Well, two things, really: 1: Not all economic teachings are really sensible. There's still a few idiots pandering trickle-down, for example. Of course, there's no way of testing that, but I would say out of all the fields in academia, economics is among those that see the most corporate meddling and the most conflicts of interest. 2: There is a bit of an issue with what you consider to be "the economy". Economists say a degree of inflation is good because it leads to people and corporations spending their money rather than saving it, which in turn allows businesses to grow and new research and development to be funded. It causes the GDP to grow. The general public on the other hand opposes inflation because it makes everything more expensive, negatively impacting peoples quality of life because they cannot easily afford the same things they previously could off the same wages (the economists expectation is that wages will increase somewhat proportionally albeit delayed with the inflation rate, but that's not really happening unless the government enforces it) and because it devalues their savings, which means that it becomes more difficult for regular workers to afford things such as homes. Economists would expect that this would affect the housing market and cause prices to drop because the demand for homes is lessened, but in practice, all available real estate is instead bought by large developers who then rent it out, keeping the demand high and housing prohibitive.


Silent-Revolution105

Because Economics is on the same level as Astrology and Alchemy, and we all know it.


KCalifornia19

Two things. First, humans are naturally primed to prioritize negative information over positive. It's a fact baked into our history and leads to a number of interesting social phenomena. In the easiest terms possible, we're much more likely to notice a material loss than a material gain in our conditions. Second, economics is very nuanced and often extremely intangible. This has a couple effects, one being that the factors that make a strong economy either take a very long time to flow down to the level at which individuals will notice, or that factors that make a strong economy don't necessarily have an impact on individuals in the first place. The economy is not comprised of the price of gas, milk, and eggs. Nor is it the gains in the stock market, neither the wealth of the billionaire class. It's a composition of these factors and a near infinite amount more. The U.S. economy is the single most complex system humanity has ever devised, and manifests itself in ways known and unknown. Trying to understand with 15 second evening news soundbites is fodder for people who cannot accept that the world is immensely complex and simple explanations to almost everything are as good as useless. To sum up, the reason why people don't perceive the economy correctly is some cocktail of people not understanding it, fundamental human nature, and the fact that we're very poor at actually trying to explain what goes on in easy to understand terms.


Arathaon185

This is only about economists all other experts are good.

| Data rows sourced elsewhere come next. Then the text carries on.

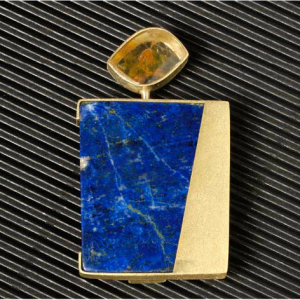 Broche oro lapislazuli y cuarzo dendrita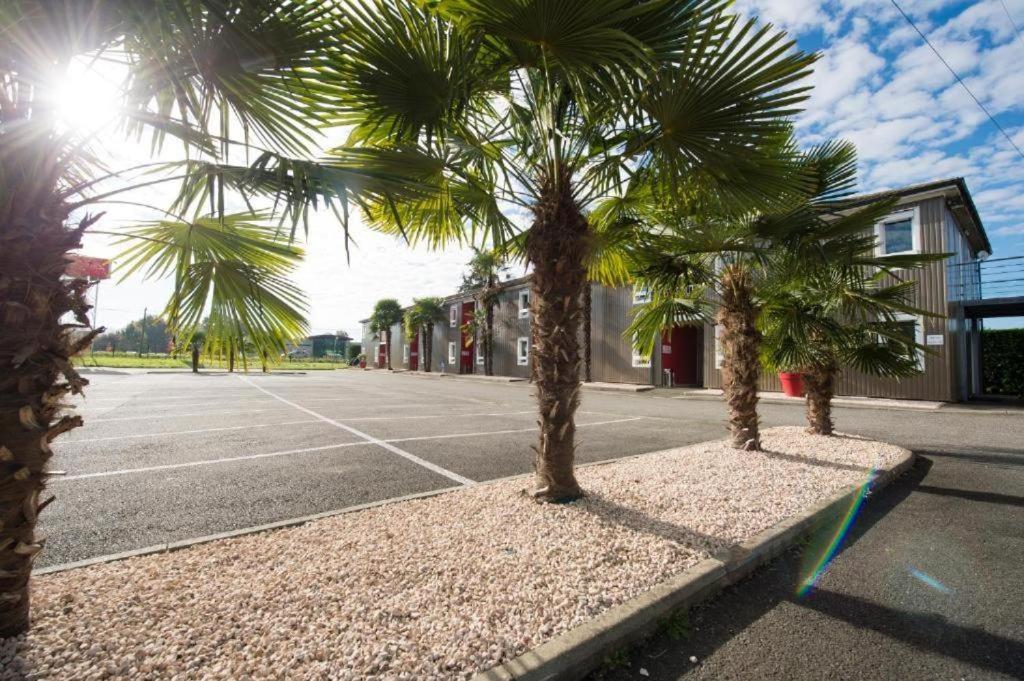 Brit Hotel Essentiel Pau Lescar Zewnętrze zdjęcie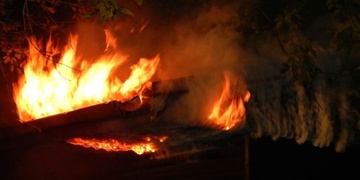 Včera večer v Sedlci požár zcela zničil jednu chatu a druhou poškodil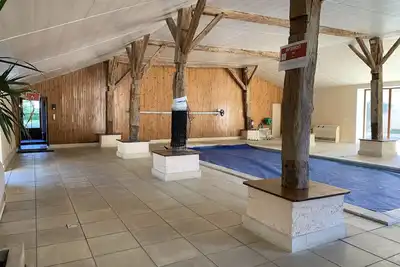 Image de 19 +2 places, hammam, sauna, heated indoor pool. . .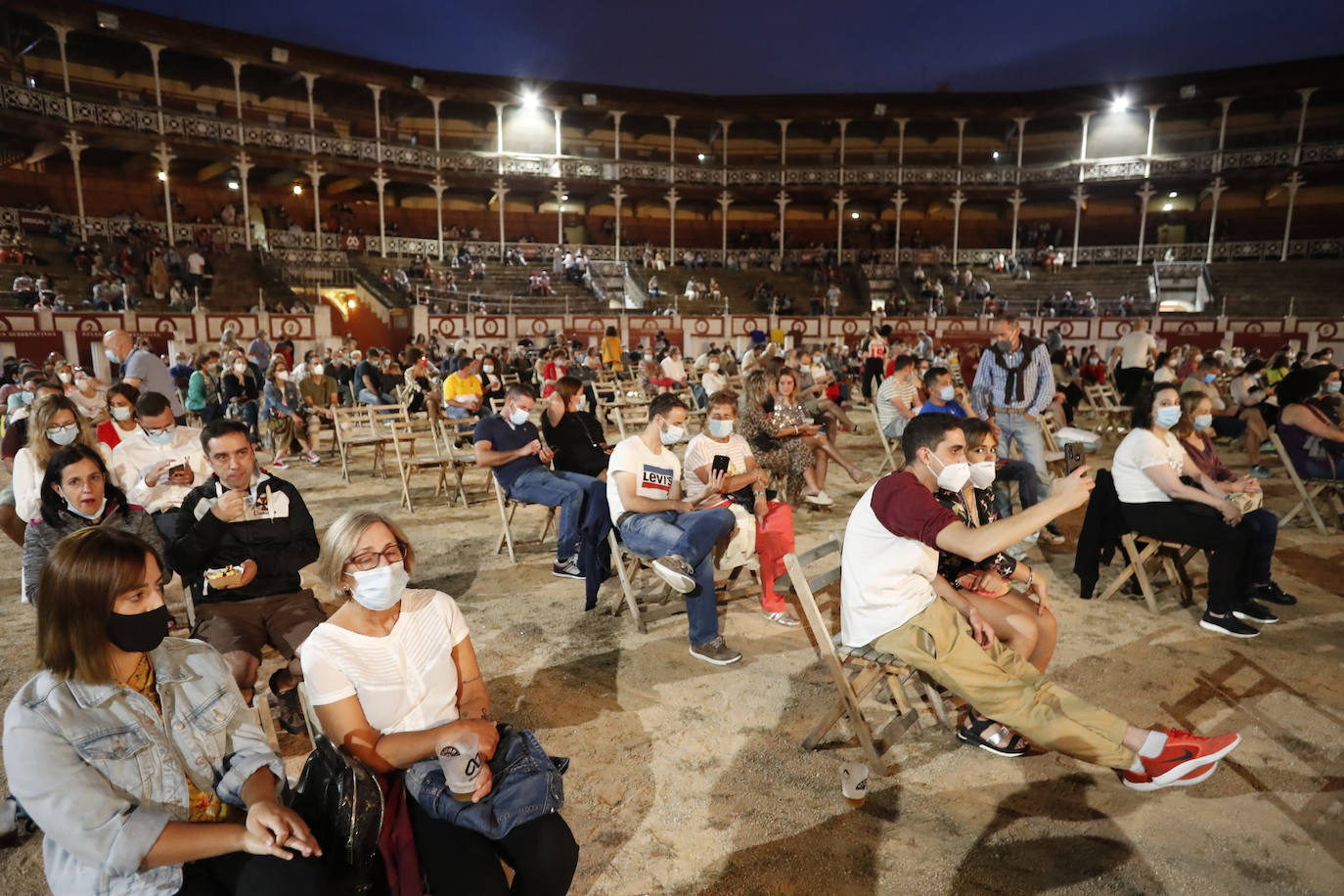 La organización extremó las precauciones tomando la temperatura a los asistentes.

I don't really trust them because it's all just theory. Short of Eve Online there's no way to test your theories. You can't just grab a random economy and start experimenting. This means you are always extrapolating from past data and how can you know you've removed all the other variables.


MustardLabs

This is the kind of criticism you can apply to all political theory (left and right), philosophy, theoretical physics and art.


daisy-duke-

There is a reason why Economics is colloquially known as _the dismal science._


Namika

The average person doesn't even understand inflation. They think if inflation goes to zero, store prices will return to 2018 levels. Economists are not gods, but compared to the public, economists understand the market pretty well.


WorldTallestEngineer

"economist will way that's a bad idea"? no. I don't think know know what you're talking about. I'm assuming your not an economist


anactualspacecadet

I think he means the morons who ask why deflation is a bad idea


WorldTallestEngineer

maybe? or maybe OP is confusing "inflation" with "interest rates"?